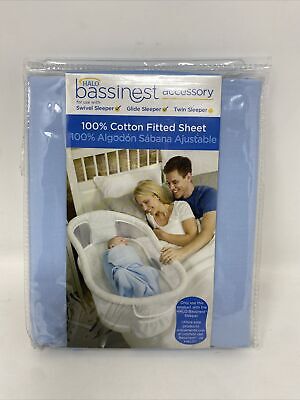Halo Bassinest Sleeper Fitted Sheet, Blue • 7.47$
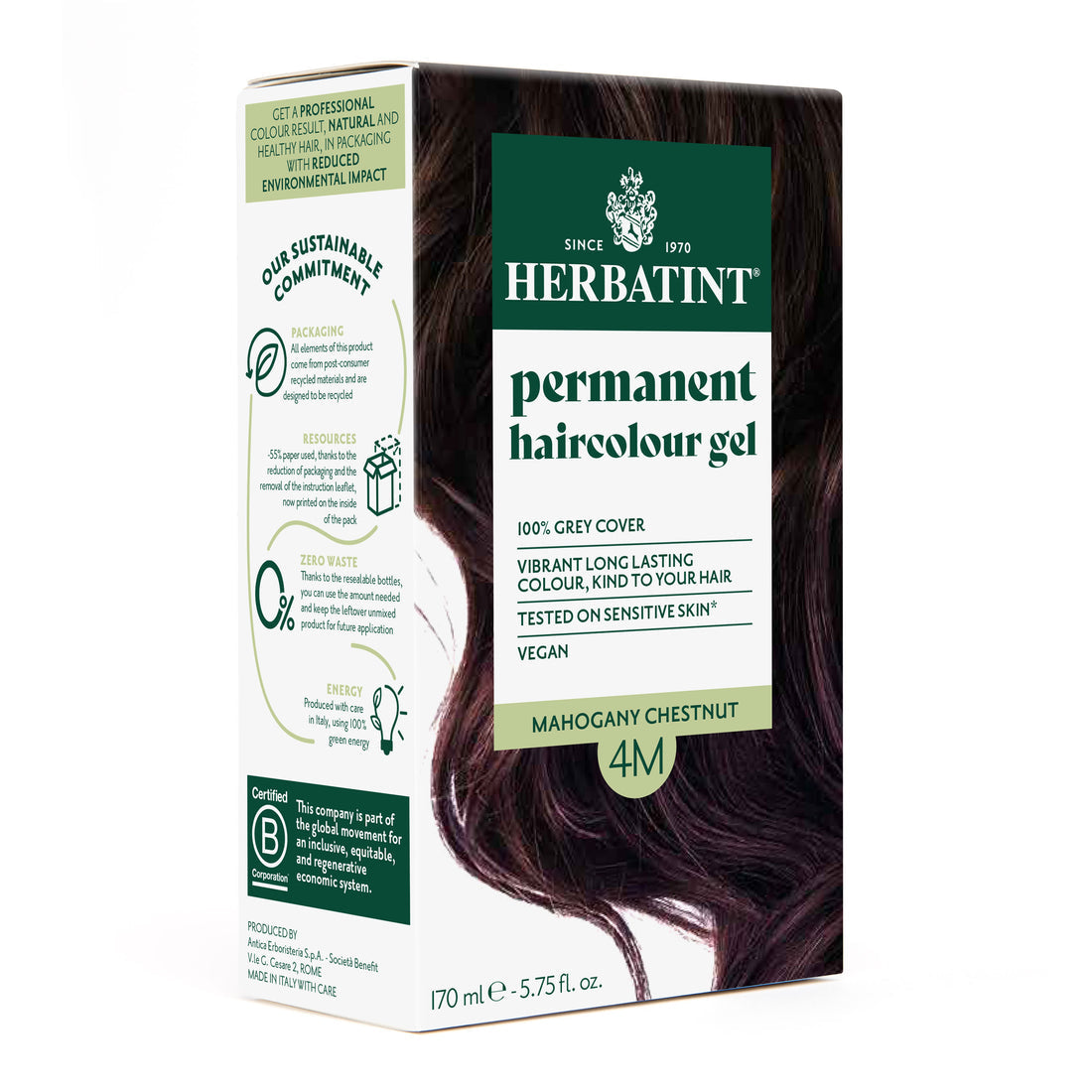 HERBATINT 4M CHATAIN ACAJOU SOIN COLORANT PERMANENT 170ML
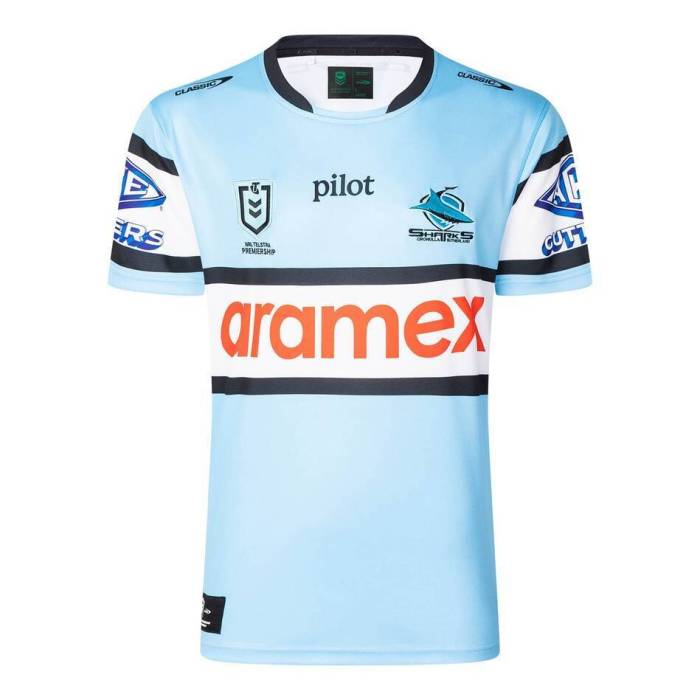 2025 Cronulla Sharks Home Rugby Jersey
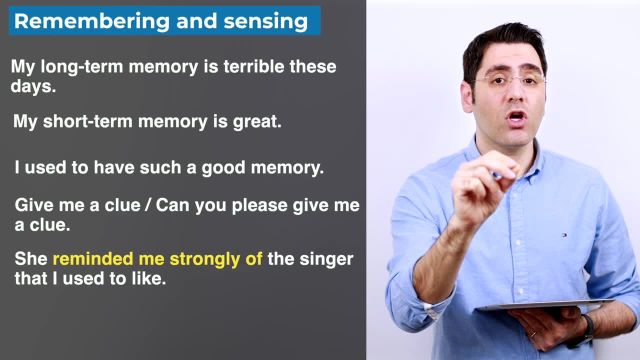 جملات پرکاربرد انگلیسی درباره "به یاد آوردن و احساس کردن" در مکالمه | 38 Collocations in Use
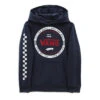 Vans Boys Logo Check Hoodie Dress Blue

==

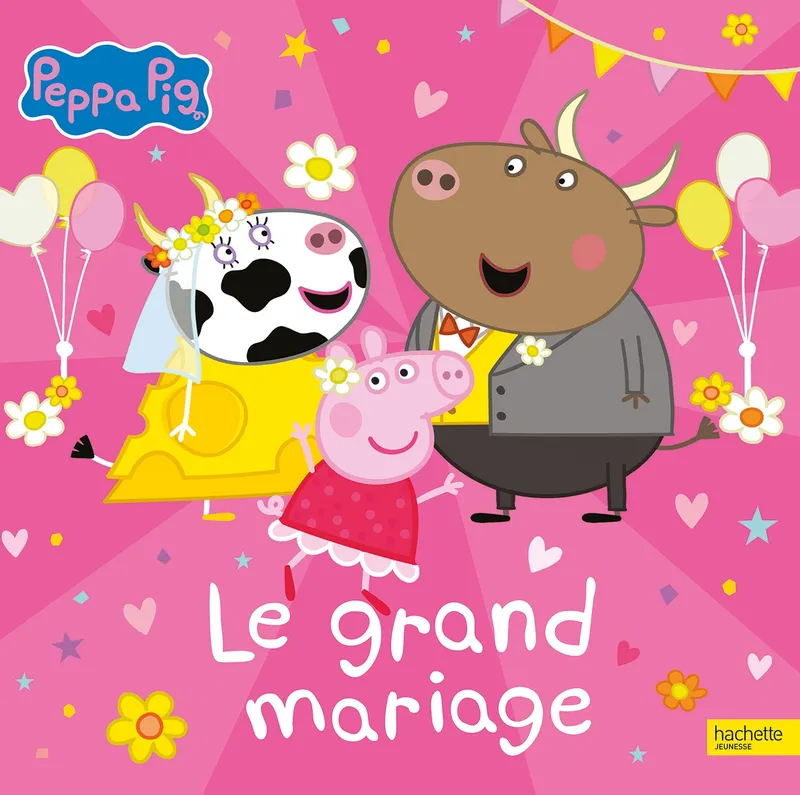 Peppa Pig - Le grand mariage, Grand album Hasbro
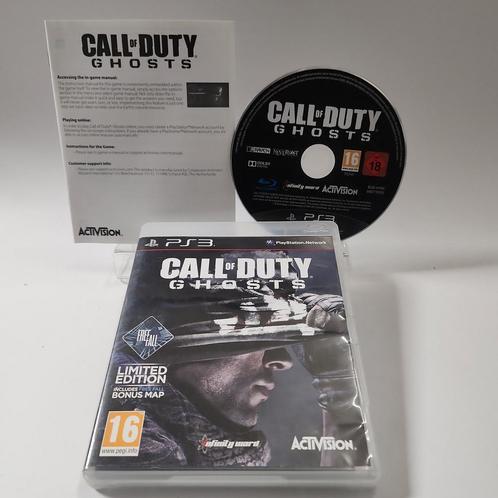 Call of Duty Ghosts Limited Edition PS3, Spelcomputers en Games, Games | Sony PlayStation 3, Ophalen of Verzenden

---

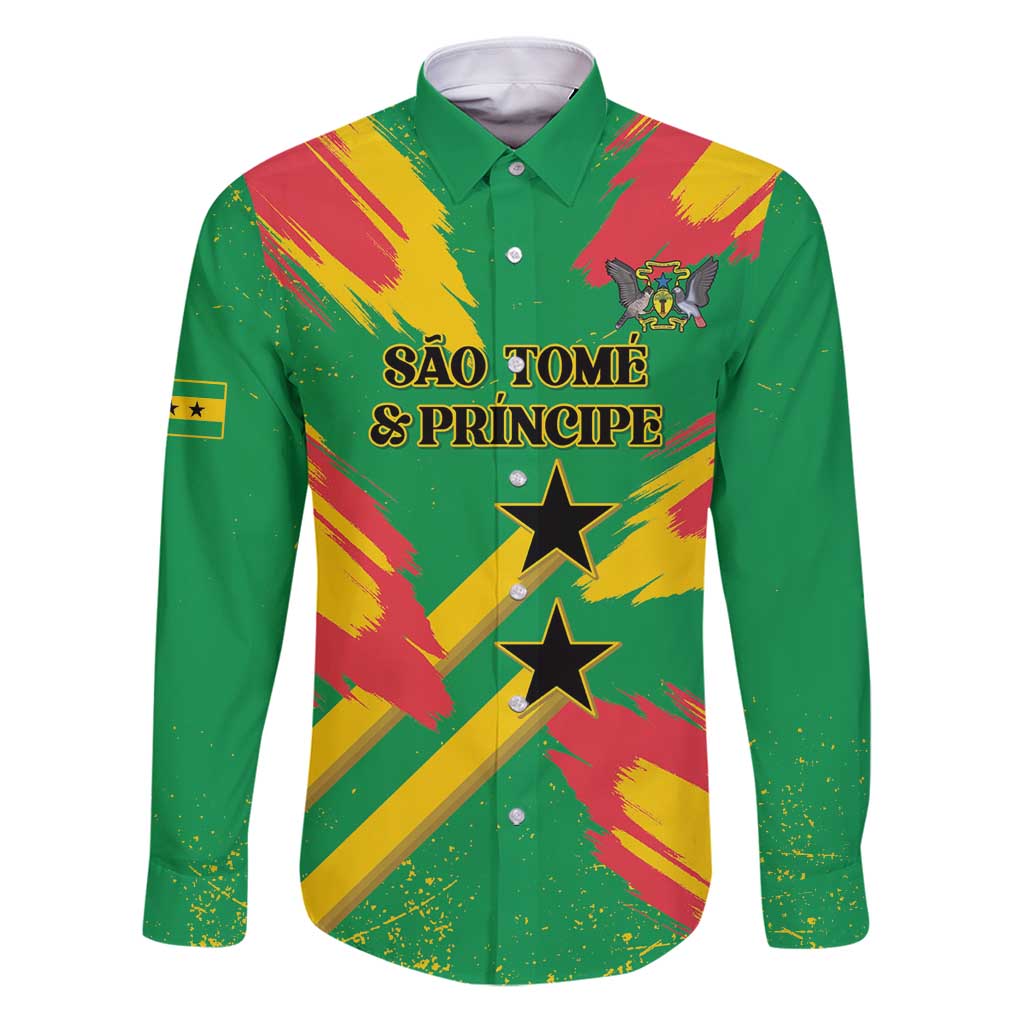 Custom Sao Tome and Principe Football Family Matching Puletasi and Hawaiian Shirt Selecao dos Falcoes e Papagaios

### Problem description:
From the listing above, restate verbatim the lines running from the one with "Peppa Pig - Le" through the one with "Call of Duty", inclusive, but not the pictures.

### Output:
 Peppa Pig - Le grand mariage, Grand album Hasbro
 Call of Duty Ghosts Limited Edition PS3, Spelcomputers en Games, Games | Sony PlayStation 3, Ophalen of Verzenden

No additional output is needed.